When you’re messy while drunk, at least you have something to blame it on—a sense of freedom brought on by diluting your blood. You have license to dance in ways that make you look ridiculous, or avoid the emotional labor of processing a hard day in the midst of a mess. While I’ve been breaking a 10-year habit, I’ve watched human minds crave release from the everyday perils brought on by late-stage capitalism. I’m uninterested in “alcohol is bad rhetoric”, and more so interested in interrogating alcohol and drugs as band-aids to larger issues.
In this life, we have lots of responsibilities to tend to (work, school, keeping our rooms clean, feeding and clothing ourselves, keeping our bills paid, etc). For many of us, we’re expected to be responsible as soon as we wake u
p. So when we go to a club or have a night in with our crew, or pick up a bottle of wine in a room all by ourselves, we are often asking for permission to give up our muscle-memorized responsibility, even if just for the duration of the caesura between “not enough” and “too much”. Those hours are hours out of our 16 hours of consciousness that don’t have to be spent being responsible!

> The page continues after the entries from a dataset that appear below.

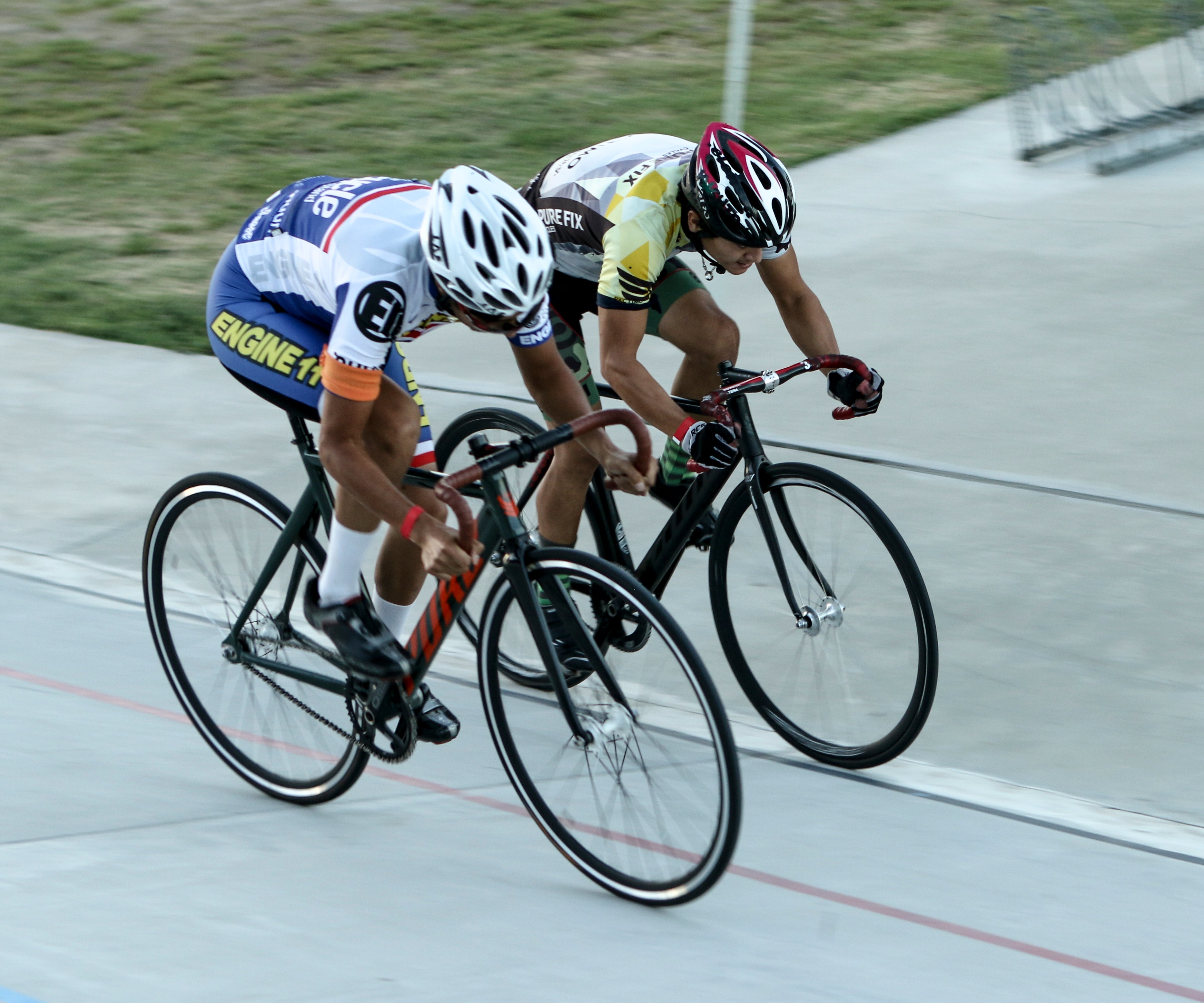 bicycle track racing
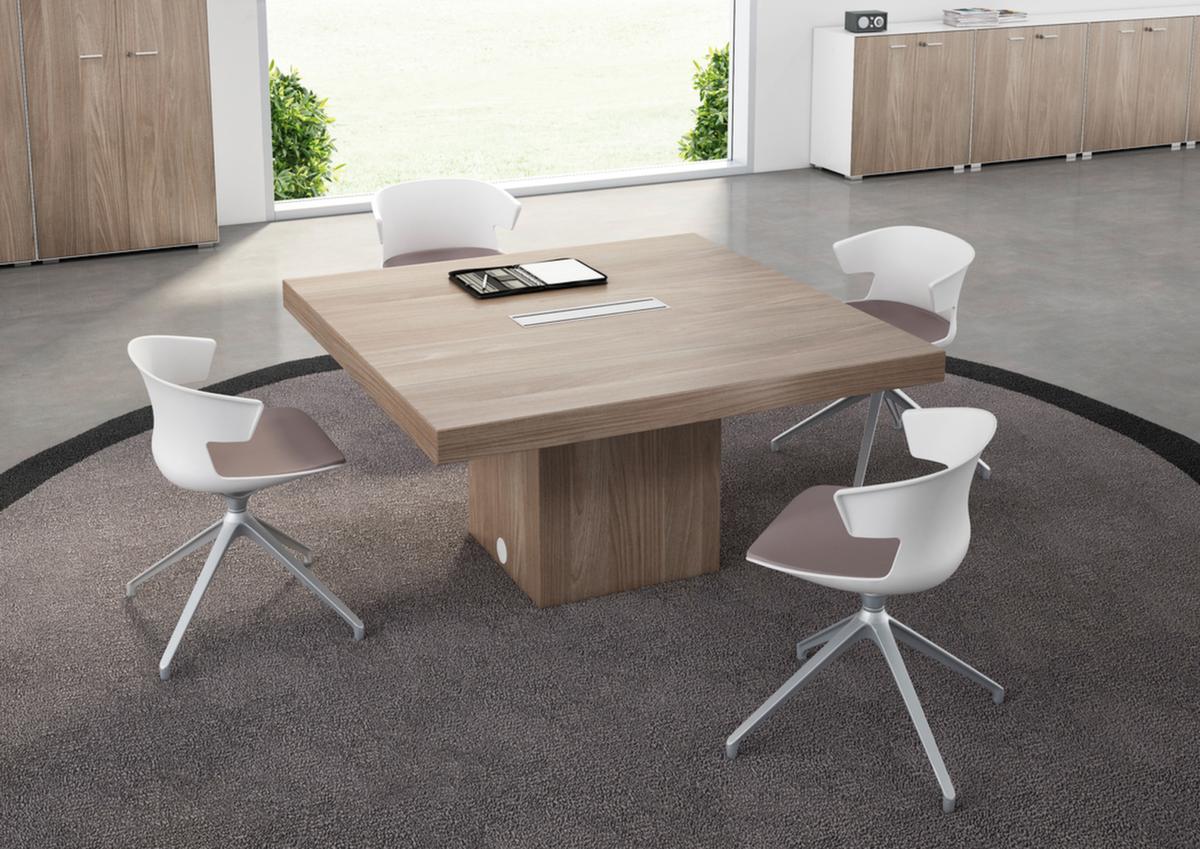 Quadrifoglio Konferenztisch T45 mit kubischem Gestell, Breite x Tiefe 4200 x 1400 mm, Platte Nussbaum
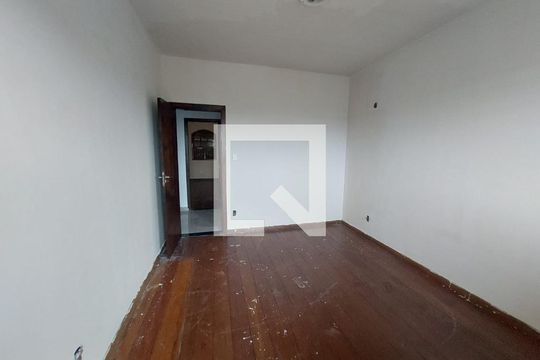 quarto 2 de casa para alugar com 3 quartos, 120m² em Califórnia, Belo Horizonte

So for that reason, I get it.
While I haven’t been drinking, I’ve searched for ways to be messy elsewhere. It has proven to be HARD! The loosening of our roles as adults — the insistence on doing something that brings you joy, and you never plan on monetizing — is, in essence, anti-American. No matter how many brochures I’ve been given on work/life balance, it’s near-impossible to work hard for your basic needs AND be able to be messy! Daddy Bezos and friends expect perfection, and we expect perfection from each other. Nonetheless, it has been important for me to try out new ways of feeling the freedom that is kinder to my body.
In the “today” of things, I’ve become something of a hobbyist. Feeling the Texas breeze at 8 AM while riding my bike is pretty damn close to what I used to feel from liquor. Solidly sitting in 2nd place is yoga. Others include snorkeling, roller skating, and attending entertainment venues (museums, drag shows, comedy, theatre, music shows, and the like). Every now and then, I still feel tempted by the bottle, but then I remember that it’s made way for other (better) habits.
Any freedom worth having is messy. If we don’t have something in our lives that doesn’t expect us to be perfect, then we are missing out on freedom, I think. In the age of late-stage capitalism, what is a thing you can do that brings you joy, and you never plan on monetizing? I’d love to pose this to you, in hopes that you get it, and keep it close.